*** Opening MATERIAL PROVIDED ***
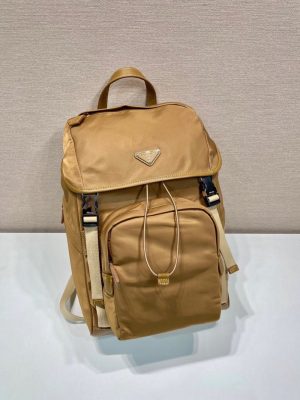 프라다 백팩 2VZ135-4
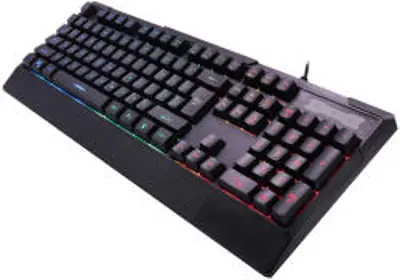 Media tech COBRA PRO SUCCUBUS MT1256 Billentyűzet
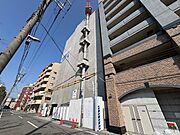 天神橋筋六丁目駅より徒歩12分 4階 新築の賃貸物件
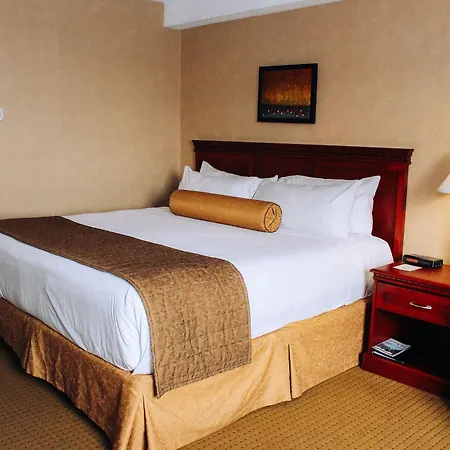 Welcominns Hotel Ottawa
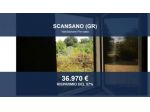 Immobile in asta di 69 m² in vendita a Scansano
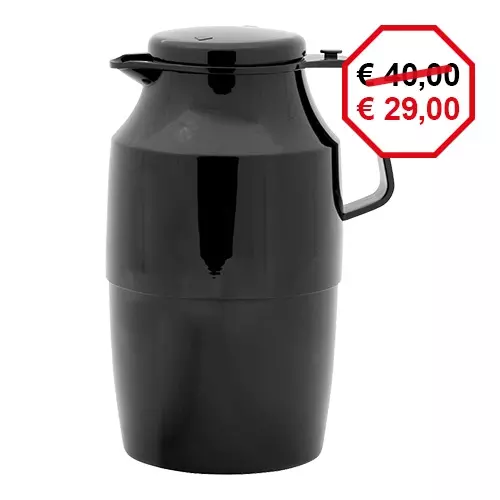 Een isoleerkan 2,0L koop je bij ShopXPress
*** Closing MATERIAL PROVIDED ***
## ASSIGNMENT
Only the pictures are to be omitted; the records above must otherwise be reproduced exactly.

## THE ANSWER
 프라다 백팩 2VZ135-4
 Media tech COBRA PRO SUCCUBUS MT1256 Billentyűzet
 天神橋筋六丁目駅より徒歩12分 4階 新築の賃貸物件
 Welcominns Hotel Ottawa
 Immobile in asta di 69 m² in vendita a Scansano
 Een isoleerkan 2,0L koop je bij ShopXPress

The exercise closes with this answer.